The practical takeaway is to standardize your fleet on the full JetPack 7.2 set rather than upgrading components piecemeal. Record the exact CUDA 13.2.1 and TensorRT 10.16.2 versions in your build manifests so a device that misbehaves can be compared against a known-good reference.

Flashing and Reproducible Provisioning

This release adds ISO installs and Yocto recipes alongside the usual flashing path, which changes how you think about provisioning. ISO installs make it easier to bring a Jetson up the way you would a standard Linux box, which lowers the barrier for engineers who don't live in the embedded tooling every day. Yocto recipes go the other direction: they let you fold the Jetson image into a fully declarative build so the OS, kernel, and your application layer are produced from source-controlled definitions.

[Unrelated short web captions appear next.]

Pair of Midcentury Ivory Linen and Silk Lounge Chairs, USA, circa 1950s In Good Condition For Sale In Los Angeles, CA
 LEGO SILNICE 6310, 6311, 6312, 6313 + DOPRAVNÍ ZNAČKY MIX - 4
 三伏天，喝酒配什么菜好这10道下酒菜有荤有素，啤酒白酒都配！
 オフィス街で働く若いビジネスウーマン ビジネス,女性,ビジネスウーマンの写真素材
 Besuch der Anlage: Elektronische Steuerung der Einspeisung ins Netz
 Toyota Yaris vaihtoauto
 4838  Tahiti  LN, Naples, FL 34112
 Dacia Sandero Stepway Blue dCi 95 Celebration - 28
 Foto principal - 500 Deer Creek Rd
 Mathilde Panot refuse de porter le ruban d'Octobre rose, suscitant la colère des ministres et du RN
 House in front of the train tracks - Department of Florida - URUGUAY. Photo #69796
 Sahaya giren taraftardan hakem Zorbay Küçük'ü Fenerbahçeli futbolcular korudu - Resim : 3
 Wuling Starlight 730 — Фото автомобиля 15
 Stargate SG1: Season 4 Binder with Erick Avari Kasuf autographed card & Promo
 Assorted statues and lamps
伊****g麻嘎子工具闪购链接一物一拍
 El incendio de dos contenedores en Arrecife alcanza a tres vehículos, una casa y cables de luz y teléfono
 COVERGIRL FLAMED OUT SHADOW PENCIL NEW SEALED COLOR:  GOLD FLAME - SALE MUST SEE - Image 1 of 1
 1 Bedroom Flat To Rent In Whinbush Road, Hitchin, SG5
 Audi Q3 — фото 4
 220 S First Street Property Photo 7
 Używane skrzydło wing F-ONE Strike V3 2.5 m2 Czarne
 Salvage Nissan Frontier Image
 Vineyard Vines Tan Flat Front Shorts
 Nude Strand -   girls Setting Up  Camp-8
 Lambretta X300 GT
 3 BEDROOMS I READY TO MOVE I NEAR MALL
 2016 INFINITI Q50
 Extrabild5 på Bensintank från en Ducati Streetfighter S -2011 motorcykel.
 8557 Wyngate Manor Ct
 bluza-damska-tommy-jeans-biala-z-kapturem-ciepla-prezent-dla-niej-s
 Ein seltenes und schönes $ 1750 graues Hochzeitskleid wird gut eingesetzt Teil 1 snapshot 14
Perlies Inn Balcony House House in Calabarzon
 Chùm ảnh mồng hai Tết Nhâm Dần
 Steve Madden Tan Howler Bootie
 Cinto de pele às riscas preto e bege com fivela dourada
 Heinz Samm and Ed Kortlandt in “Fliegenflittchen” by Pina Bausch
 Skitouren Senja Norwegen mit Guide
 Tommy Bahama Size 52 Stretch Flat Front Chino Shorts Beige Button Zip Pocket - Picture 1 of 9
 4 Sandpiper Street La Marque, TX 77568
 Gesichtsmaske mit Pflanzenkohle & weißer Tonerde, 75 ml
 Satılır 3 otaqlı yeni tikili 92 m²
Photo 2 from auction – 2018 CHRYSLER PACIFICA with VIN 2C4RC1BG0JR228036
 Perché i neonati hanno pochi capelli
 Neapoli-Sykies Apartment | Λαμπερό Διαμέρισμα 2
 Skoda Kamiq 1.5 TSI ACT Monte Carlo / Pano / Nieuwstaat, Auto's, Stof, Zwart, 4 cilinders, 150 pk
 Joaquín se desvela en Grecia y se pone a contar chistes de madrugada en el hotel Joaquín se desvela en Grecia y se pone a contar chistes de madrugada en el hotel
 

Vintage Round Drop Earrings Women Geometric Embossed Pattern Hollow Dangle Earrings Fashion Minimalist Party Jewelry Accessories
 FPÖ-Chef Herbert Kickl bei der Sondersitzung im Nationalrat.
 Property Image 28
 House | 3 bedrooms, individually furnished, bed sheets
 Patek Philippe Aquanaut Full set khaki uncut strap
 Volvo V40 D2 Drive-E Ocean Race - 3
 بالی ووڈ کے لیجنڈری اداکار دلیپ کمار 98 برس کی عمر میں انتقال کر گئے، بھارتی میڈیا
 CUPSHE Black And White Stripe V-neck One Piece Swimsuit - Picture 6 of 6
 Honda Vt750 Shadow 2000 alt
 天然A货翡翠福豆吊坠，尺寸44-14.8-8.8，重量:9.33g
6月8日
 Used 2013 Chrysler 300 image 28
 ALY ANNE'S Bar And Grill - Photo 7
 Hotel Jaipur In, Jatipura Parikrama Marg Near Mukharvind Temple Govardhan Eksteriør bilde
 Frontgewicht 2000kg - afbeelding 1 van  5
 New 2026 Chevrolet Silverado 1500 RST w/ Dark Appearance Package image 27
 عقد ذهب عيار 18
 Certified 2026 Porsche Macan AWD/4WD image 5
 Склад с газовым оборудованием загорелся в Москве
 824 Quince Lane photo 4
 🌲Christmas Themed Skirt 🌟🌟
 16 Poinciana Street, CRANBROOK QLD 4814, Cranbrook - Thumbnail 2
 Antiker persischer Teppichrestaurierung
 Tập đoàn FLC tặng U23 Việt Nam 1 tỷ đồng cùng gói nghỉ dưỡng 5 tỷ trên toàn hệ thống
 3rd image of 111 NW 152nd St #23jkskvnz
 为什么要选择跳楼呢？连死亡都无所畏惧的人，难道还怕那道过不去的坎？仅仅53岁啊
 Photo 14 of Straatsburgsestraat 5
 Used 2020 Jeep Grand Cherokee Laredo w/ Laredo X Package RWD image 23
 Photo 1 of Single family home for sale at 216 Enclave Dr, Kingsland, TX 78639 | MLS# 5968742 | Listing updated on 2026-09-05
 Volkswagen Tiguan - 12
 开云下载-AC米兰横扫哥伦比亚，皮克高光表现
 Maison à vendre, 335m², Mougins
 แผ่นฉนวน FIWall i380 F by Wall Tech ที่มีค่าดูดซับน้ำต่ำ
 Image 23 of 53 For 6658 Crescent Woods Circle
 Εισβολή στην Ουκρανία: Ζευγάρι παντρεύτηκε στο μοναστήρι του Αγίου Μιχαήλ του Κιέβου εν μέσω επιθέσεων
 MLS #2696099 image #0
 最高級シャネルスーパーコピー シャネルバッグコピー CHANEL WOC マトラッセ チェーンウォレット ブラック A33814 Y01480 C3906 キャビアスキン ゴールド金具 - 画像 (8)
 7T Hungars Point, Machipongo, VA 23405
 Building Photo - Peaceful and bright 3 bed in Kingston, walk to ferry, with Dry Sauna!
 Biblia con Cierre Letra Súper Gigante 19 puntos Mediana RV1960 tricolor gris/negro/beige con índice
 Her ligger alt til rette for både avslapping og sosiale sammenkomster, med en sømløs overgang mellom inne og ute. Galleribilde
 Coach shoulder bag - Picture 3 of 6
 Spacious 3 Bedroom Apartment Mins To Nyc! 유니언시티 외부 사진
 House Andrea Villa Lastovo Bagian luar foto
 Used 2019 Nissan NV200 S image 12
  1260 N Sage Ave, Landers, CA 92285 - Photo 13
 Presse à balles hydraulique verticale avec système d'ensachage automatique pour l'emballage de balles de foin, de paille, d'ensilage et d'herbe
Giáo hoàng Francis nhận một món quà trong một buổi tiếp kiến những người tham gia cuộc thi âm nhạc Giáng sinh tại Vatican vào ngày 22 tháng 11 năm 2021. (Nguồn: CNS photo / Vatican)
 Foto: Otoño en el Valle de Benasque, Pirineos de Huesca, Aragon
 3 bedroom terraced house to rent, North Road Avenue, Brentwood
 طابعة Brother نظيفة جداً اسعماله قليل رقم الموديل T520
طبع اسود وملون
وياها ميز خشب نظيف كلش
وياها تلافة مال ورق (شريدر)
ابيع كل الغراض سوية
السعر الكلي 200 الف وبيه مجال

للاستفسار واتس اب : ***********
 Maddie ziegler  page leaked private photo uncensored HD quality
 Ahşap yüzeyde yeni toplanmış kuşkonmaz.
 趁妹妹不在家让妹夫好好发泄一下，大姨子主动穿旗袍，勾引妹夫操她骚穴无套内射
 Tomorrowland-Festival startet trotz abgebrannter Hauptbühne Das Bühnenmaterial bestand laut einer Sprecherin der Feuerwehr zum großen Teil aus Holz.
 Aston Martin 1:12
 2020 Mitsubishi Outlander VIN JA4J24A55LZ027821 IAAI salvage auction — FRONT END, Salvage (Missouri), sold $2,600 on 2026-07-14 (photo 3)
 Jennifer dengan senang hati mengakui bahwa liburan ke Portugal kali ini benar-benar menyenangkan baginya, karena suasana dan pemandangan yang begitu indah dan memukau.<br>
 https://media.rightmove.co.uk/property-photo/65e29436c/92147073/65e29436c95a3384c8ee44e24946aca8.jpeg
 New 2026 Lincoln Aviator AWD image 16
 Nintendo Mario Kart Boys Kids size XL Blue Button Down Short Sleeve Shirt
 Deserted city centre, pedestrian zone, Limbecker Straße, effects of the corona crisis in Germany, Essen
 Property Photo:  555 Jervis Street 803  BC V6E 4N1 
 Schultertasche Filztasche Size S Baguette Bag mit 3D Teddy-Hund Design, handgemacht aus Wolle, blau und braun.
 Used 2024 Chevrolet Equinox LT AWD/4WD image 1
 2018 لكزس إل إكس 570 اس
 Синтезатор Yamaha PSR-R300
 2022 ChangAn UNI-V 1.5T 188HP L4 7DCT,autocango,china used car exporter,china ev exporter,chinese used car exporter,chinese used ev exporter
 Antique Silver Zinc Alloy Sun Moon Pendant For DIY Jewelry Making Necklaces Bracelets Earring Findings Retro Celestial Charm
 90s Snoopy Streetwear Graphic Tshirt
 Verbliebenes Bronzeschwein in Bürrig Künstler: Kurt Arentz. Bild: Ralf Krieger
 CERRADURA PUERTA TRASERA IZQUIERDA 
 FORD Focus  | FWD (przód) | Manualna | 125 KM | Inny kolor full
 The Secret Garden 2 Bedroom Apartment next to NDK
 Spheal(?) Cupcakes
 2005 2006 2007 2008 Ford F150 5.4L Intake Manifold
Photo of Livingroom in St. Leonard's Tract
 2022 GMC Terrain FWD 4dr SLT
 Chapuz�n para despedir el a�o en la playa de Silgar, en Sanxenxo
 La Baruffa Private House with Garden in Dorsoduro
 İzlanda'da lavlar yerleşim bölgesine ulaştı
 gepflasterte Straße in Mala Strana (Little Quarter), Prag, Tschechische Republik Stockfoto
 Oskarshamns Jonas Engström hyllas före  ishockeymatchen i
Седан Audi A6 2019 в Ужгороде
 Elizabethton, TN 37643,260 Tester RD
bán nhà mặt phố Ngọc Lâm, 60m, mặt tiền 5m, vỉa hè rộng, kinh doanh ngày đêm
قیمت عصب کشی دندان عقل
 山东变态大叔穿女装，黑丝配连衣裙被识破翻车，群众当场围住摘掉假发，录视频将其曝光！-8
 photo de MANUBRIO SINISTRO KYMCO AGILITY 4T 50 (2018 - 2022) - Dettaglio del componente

  • Use ISO installs for bench work, prototyping, and one-off devices where speed of setup matters more than reproducibility.
  • Use Yocto recipes for production fleets, where you need every image to be byte-for-byte auditable and rebuildable from a pinned manifest.
  • Keep Orin devices on the same JetPack 7.2 baseline as newer hardware so one image definition can target the whole fleet.

MIG on Thor and Partitioning Inference

The Thor MIG preview brings multi-instance GPU partitioning to the edge. MIG carves a single GPU into isolated slices, each with its own memory and compute allocation, so several models or tenants can run without contending for the whole device. On an edge box that has to serve a few different workloads at once — say a detection model, a tracking model, and a small language model — partitioning gives each one predictable resources instead of letting a spike in one starve the others.

Because this is a preview, treat it as something to validate rather than depend on. Prototype your partition layout, measure whether the isolation actually holds under your real traffic, and keep a non-MIG fallback configuration ready. Preview features can shift behavior between releases, so isolate anything that assumes MIG is present behind a config flag.

A Migration Approach That Won't Bite You

Because JetPack 7.2 spans both older Orin hardware and the newer Thor line, plan the upgrade as a staged rollout rather than a flag day. Bring up a small canary group first, confirm your models still build and run under CUDA 13.2.1 and TensorRT 10.16.2, and only then push the image to the rest of the fleet.

Rebuild your TensorRT engines against the exact runtime shipped in this release rather than reusing serialized engines from an earlier stack, since engine files are tied to specific library and hardware combinations. Capture the working image with a Yocto recipe once it passes validation, so the next device you provision inherits the same tested configuration instead of drifting.